Reference: https://towardsdatascience.com/imputing-missing-values-using-the-simpleimputer-class-in-sklearn-99706afaff46

In [17]:
import numpy as np
import pandas as pd
from sklearn.impute import SimpleImputer

One of the tasks that you need to perform prior to training your machine learning model is data preprocessing. Data cleansing is one key part of the data preprocessing task, and usually involves removing rows with empty values, or replacing them with some imputed values.

>The word “**impute**” means a value assigned to something by inference from the value of the products or processes to which it contributes. In statistics, imputation is the process of replacing missing data with substituted values.

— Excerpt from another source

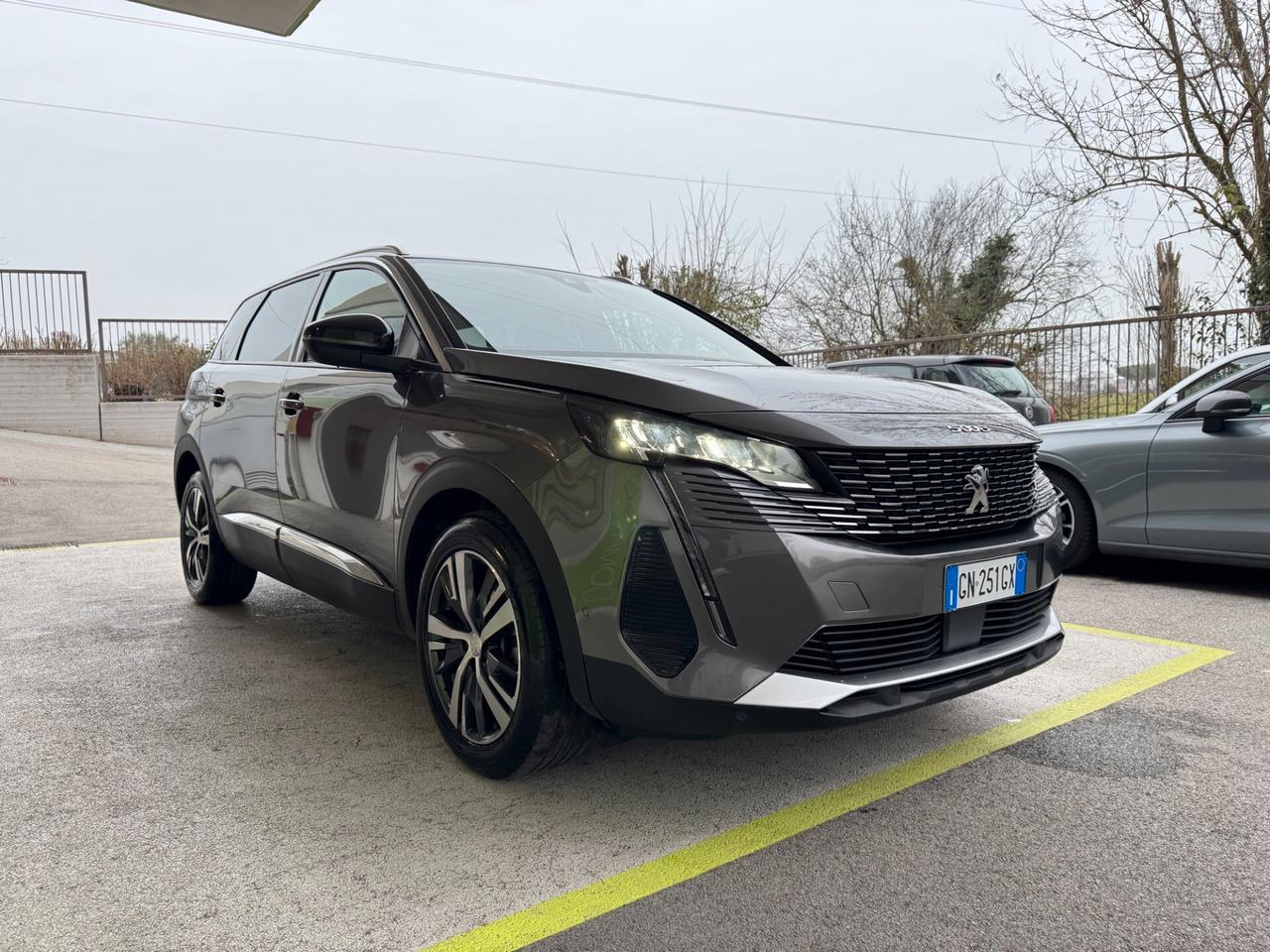 Peugeot 5008 1.5hdi AllurePack 7P GARANZIA 36 MESI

In this Tutorial, We will see how to use the SimpleImputer class in sklearn to quickly and easily replace missing values in your Pandas dataframes.

In [29]:
# Load Sample Data

file_path = "C:/MyLearn/DataSet/Pandas/Tutorials/NanDataset.csv"
df = pd.read_csv(file_path)
df

Unnamed: 0,A,B,C,D
0,1,2.0,3.0,Good
1,4,,6.0,Good
2,7,,9.0,Excellent
3,10,11.0,12.0,
4,13,14.0,15.0,Excellent
5,16,17.0,,Fair
6,19,12.0,12.0,Excellent
7,20,11.0,23.0,Fair


The sample dataset has missing values in the column `B`, `C` and `D`. Column `B` and `C` is numberic and Column `D` is characters. 

## Replacing Missing Values

All the missing values in the dataframe are represented using `NaN`. Usually, you can either drop them, or replace them with some inferred values. For example, to fill the NaN in the B column with the mean, 

In [30]:
# The empty values in column B are now filled 
# with the mean of that column

    
df['B'].fillna(df['B'].mean(), inplace=True)
df

Unnamed: 0,A,B,C,D
0,1,2.0,3.0,Good
1,4,11.166667,6.0,Good
2,7,11.166667,9.0,Excellent
3,10,11.0,12.0,
4,13,14.0,15.0,Excellent
5,16,17.0,,Fair
6,19,12.0,12.0,Excellent
7,20,11.0,23.0,Fair


The empty values in column B are now filled with the mean of that column.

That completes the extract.